Sunday 21 February 2016

Pat and Mike (1952)



Dir.: George Cukor
Plot: A talented lady golfer with an unusual performance issue falls in with a shrewd sports agent

If you’re the sort of person who hears about Katharine Hepburn’s real-life sporting prowess and immediately says “Oh yeah? I’ll believe it when I see it!” then this is certainly the film for you. Screenwriters Ruth Gordon and Garson Kanin, friends of Hepburn’s, were inspired by her talent for athletics as the basis for her fifth cinematic outing with Tracy.


Hepburn plays Pat Pemberton, a college sports instructor who also happens to be a terrific golfer. Her one problem is that she loses her cool whenever she plays in front of her fiancé (William Ching, playing one of those ‘third-wheel boyfriend’ characters who are a delicate combination of boorish and wet). At a low ebb after losing a tournament, she is taken under the wing of amiable shyster Mike (Spence, naturally), an unscrupulous New York sports agent, who vows to make her a household name.

It’s a flimsy premise for a feature film, and in places it shows.

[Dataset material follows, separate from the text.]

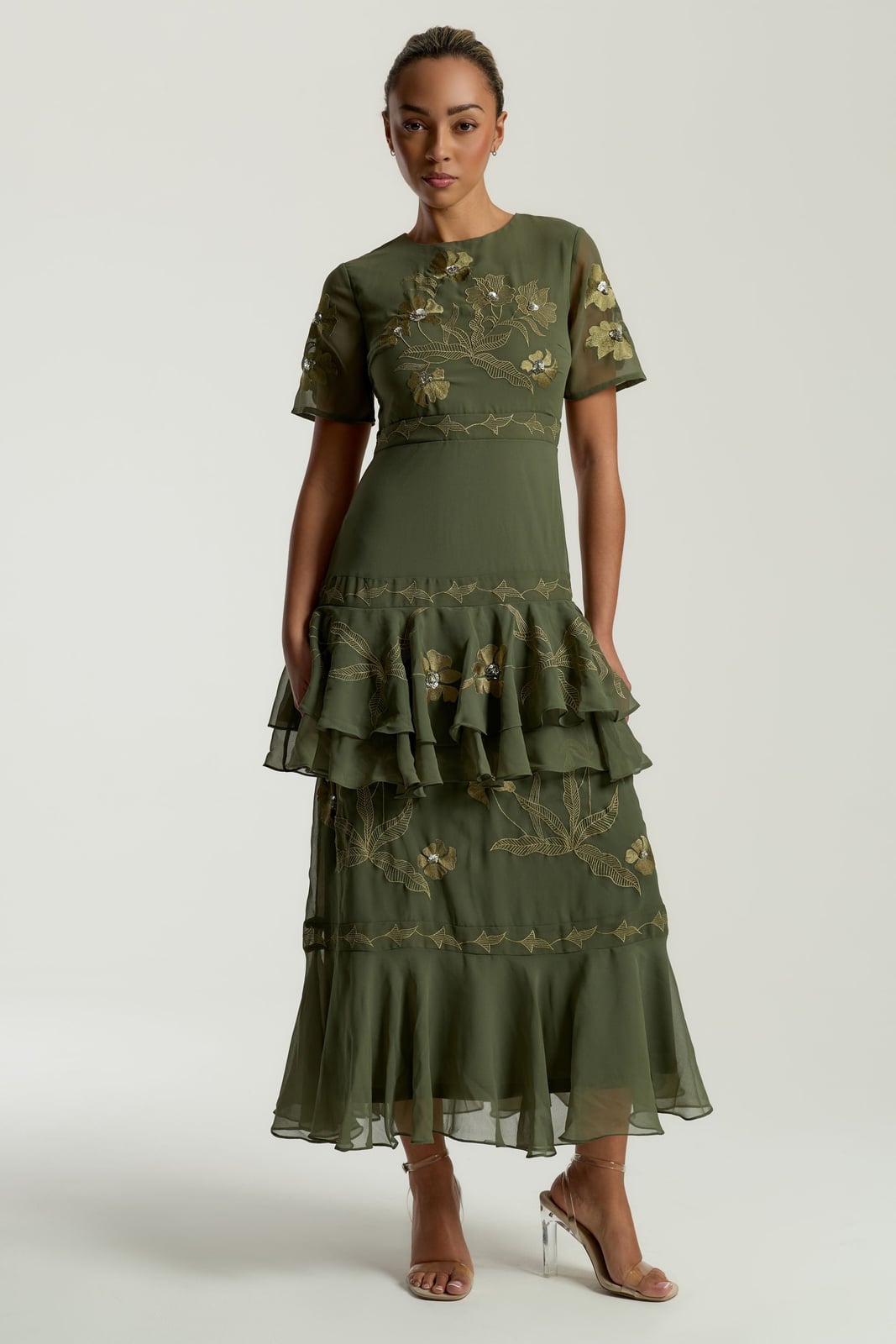 Olive Embroidered Midi Dress With Ruffles Olive Embroidered Midi Dress With Ruffles — Simple Olive Green Outfits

Given that Pat only needs to boot her charmless fiancé to solve her woes, the plot doesn’t have much of a road to hoe – instead, scenes alternate pleasantly but rather stagnantly between extended set pieces and gentle back-and-forth.
In fact, a more apt description than a ‘Hepburn-Tracy’ movie might be ‘Hepburn-sport (and some Tracy)’ movie, with roughly equal screentime given to Pat’s sporting endeavours as her burgeoning romance with Mike.

As in most of her pairings with Tracy, we get the impression of a woman who has a firm, sharp-eyed grasp on every area of life except the emotional one, where she can’t help but show arresting glimpses of uncertainty. It’s a winning formula when done right, and by this point Hepburn had fully mastered her exquisite rendering of these accomplished but vulnerable women on the cusp of middle-age.

He may have only been 52 when Pat and Mike hit the screens, but alcoholism had taken its toll on Tracy’s energy and he appears out of his comfort zone as a snappy, Runyonesque wheeler dealer. The younger Tracy of Woman of the Year might have been able to pull it off with aplomb, but by this point he was firmly in his “mellow” stage. Nevertheless, the old chemistry is still there and although the romantic scenes don’t burn with passion, they crackle with a familiar warmth.

Pat and Mike doesn’t have the heartstopping chemistry of Woman of the Year, the breakneck brilliance of Adam’s Rib or the irresistible bonhomie of Desk Set, but it has enough of a whiff of them to make it a pleasing watch. And like the aforementioned trio, Pat and Mike is far less conventional than the average rom-com (including most of today’s, regrettably) in its treatment of gender and romance. How many romantic comedies climax with a scene revolving around the heroine’s need to sink a title-winning putt?